* _Requirement_:
Produce a word-for-word copy of the data that follows, excluding images.

** Opening Data section block **

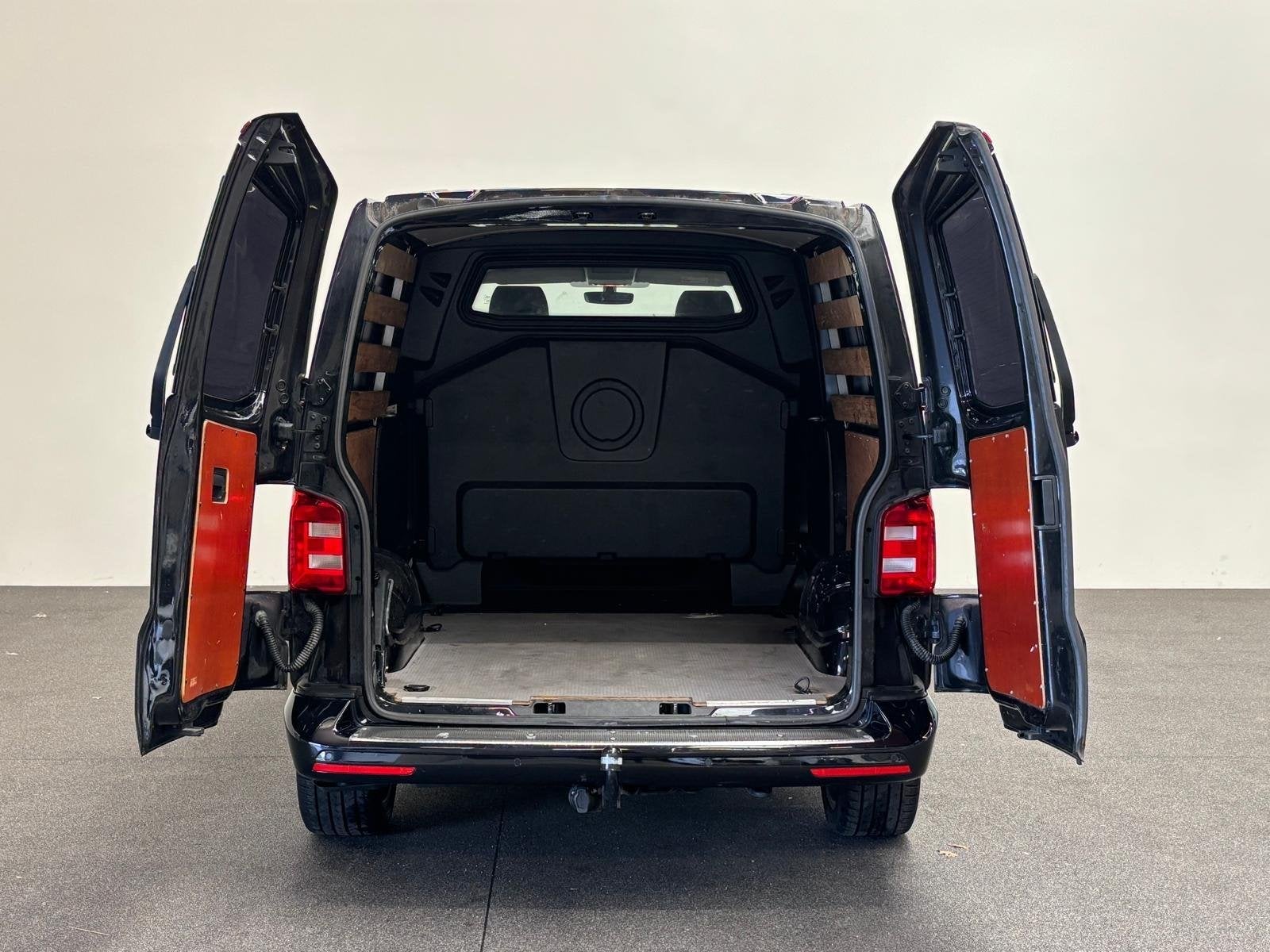 Volkswagen Transporter 2.0 TDI L2H1 Highline Handel/Export A, Auto's, Voorwielaandrijving, Stof, Gebruikt, 4 cilinders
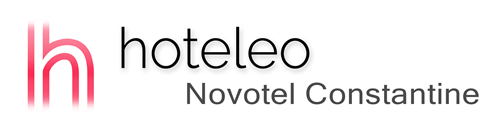 hoteleo - Novotel Constantine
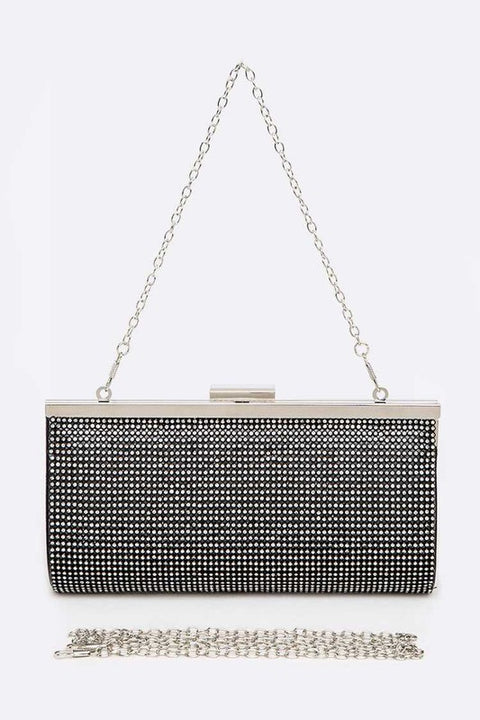 Crush Clutch Bag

** Closing Data section block **

* _Written answer_:
 Volkswagen Transporter 2.0 TDI L2H1 Highline Handel/Export A, Auto's, Voorwielaandrijving, Stof, Gebruikt, 4 cilinders
 hoteleo - Novotel Constantine
 Crush Clutch Bag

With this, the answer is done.